As is often true of GPT responses, there's some nonsense interspersed here, e.g. the claim that R has "a more mature package universe" than Python.
I think this is false, but if you're reading quickly, it sounds cogent enough. As Sarah Constantin observed about GPT2 [0]:
> if you skim text, you miss obvious absurdities. The point is OpenAI HAS achieved the ability to pass the Turing test against humans on autopilot...The mental motion of “I didn’t really parse that paragraph, but sure, whatever, I’ll take the author’s word for it” is, in my introspective experience, absolutely identical to “I didn’t really parse that paragraph because it was bot-generated and didn’t make any sense so I couldn’t possibly have parsed it”, except that in the first case, I assume that the error lies with me rather than the text. This is not a safe assumption in a post-GPT2 world. Instead of “default to humility” (assume that when you don’t understand a passage, the passage is true and you’re just missing something) the ideal mental action in a world full of bots is “default to null” (if you don’t understand a passage, assume you’re in the same epistemic state as if you’d never read it at all.)

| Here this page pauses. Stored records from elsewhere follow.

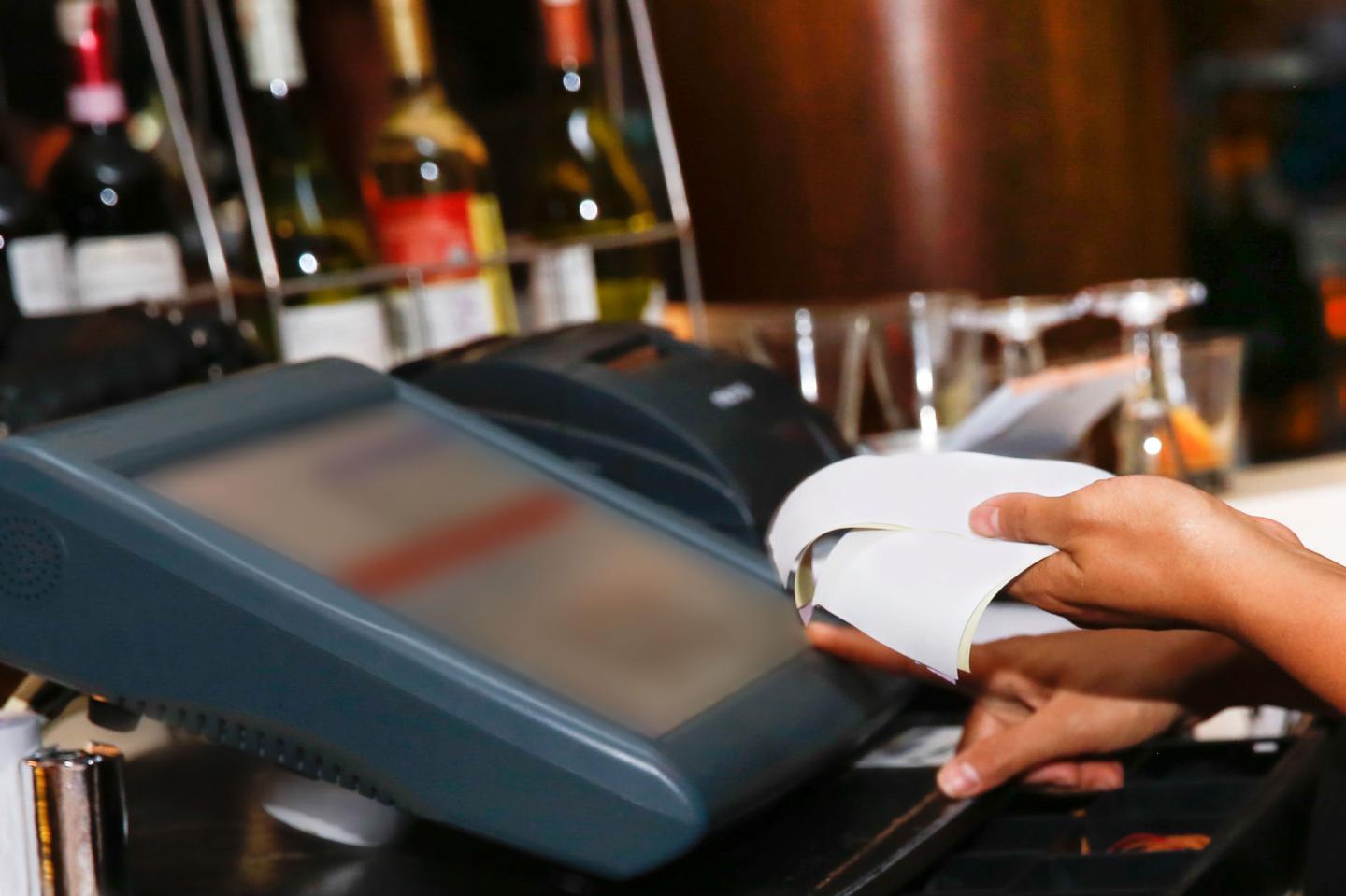 Cashier holding receipt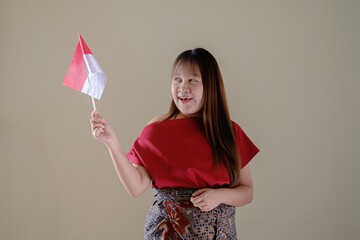 An excited Asian woman wearing a red dress and traditional sarong is celebrating Indonesian Independence Day by holding an Indonesian flag on an isolated background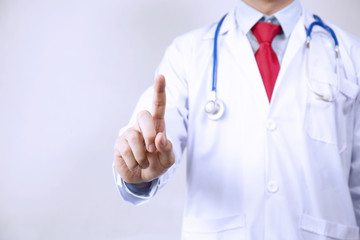 Doctor touching virtual screen in white background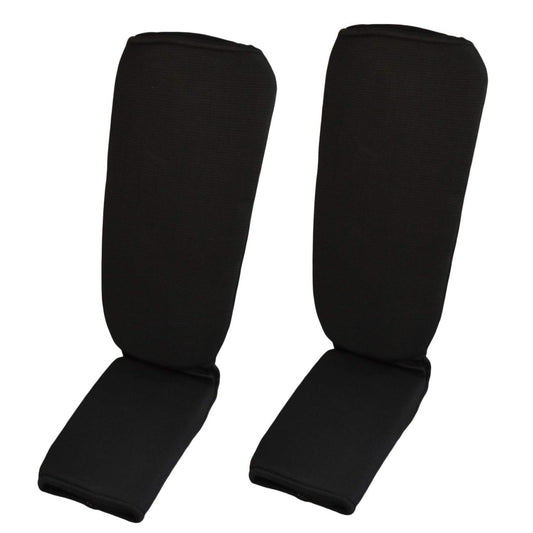 Schienbein- Spannschoner Stoff schwarz ergonomische Passform – mit Klettverschluss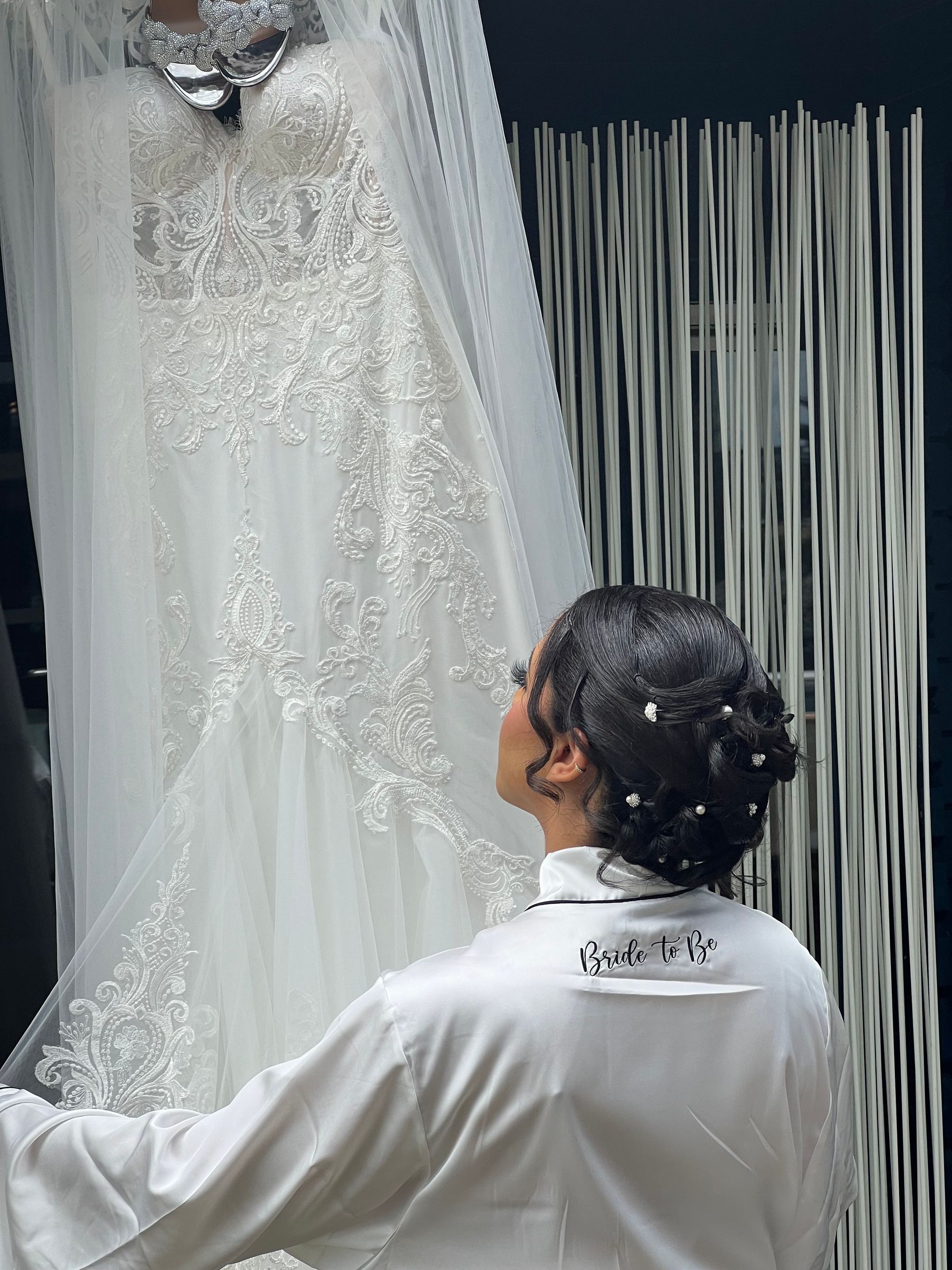 Bridal hairstyle with a veil, seen from behind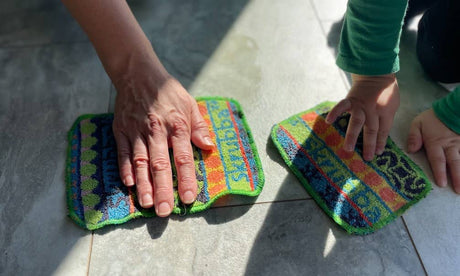 An adult and a child clean a tiled floor with Scrubbie: Skrubba XL Scrub Cloths, enjoying scratch-free scrubbing as sunlight casts shadows on their hands.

> there's some nonsense interspersed here, e.g. the claim that R has "a more mature package universe" than Python.
As a programmer, I find R hard to use and not very well designed, so I can see why you'd call that nonsense.
But when I was a math student, I found that in some ways R does have "a more mature package universe". There were many math algorithms that I could find packages for in R and not in Python, even as a mere grad student.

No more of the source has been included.